Tuesday, February 28, 2006

The Economy - Jihad Yazigi Weighs in

Jihad Yazigi weighs in on the economy debate. Jihad is the editor of "The Syria Report," the best Syrian economic digest. He gives some historical perspective to the debate. He writes:

Hi Josh,

Syria Comment has recently posted a few contradictory essays on the economic situation in Syria. I will try to give my own appraisal of the situation.
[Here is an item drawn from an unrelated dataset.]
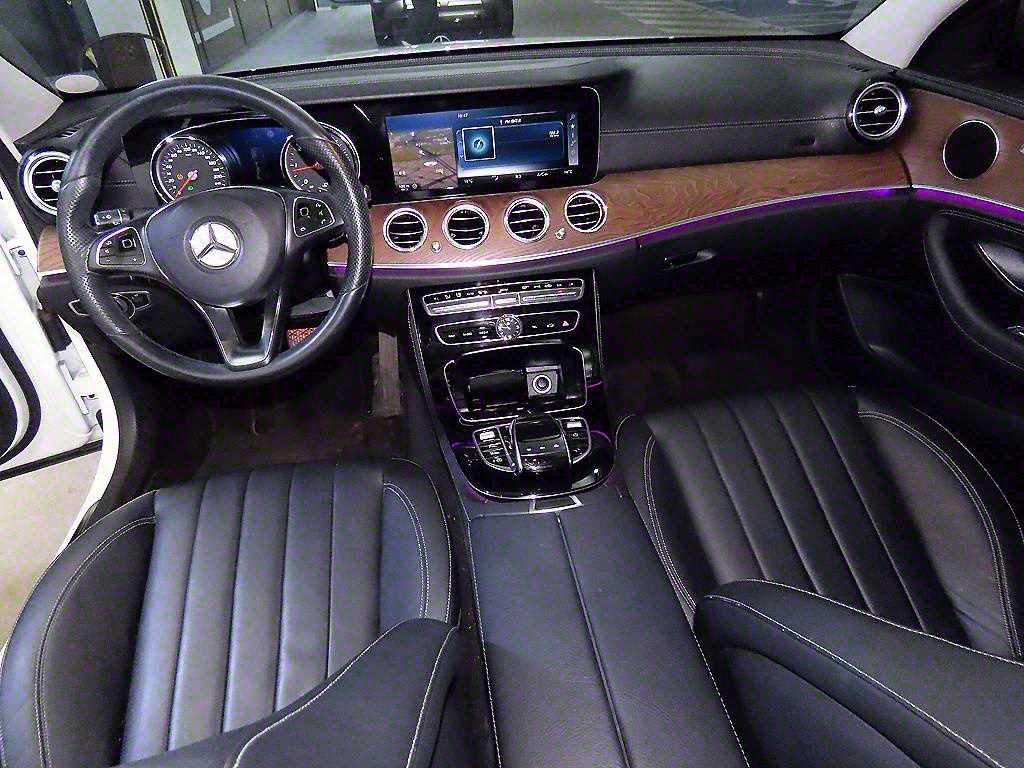 Mercedes Benz E class - Vista 10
In the last few months there has been a strange feeling that things are improving in the economic front among many policy analysts in Syria. There are several reasons for that.
One of these is that the Syrian economy grew by 4.5 percent last year. This is its highest rate over the last decade. At the same time the number of investments that were announced in the last 3 months alone is higher than the country’s annual Gross Domestic Product, which is around US$ 22 billion ! In the real estate sector alone you had three large projects from Gulf investment houses worth a combined US$ 21 billion. UAE’s Emaar is committing US$ 2 billion, the Kuwaiti Aref US 4$ billion and another Emirati group, Bunyan, close to US$ 15 billion for an investment in Mount Hermon. Then you had 2 large cement projects, 2 other sugar refineries, hotel resorts, etc. Syria never witnessed anything close to that maybe in its entire contemporary history. What is obviously striking is the fact that all this is taking place while the country is under very strong international pressure and the Syrian pound lost almost 10 percent of its value late last year, before recovering since.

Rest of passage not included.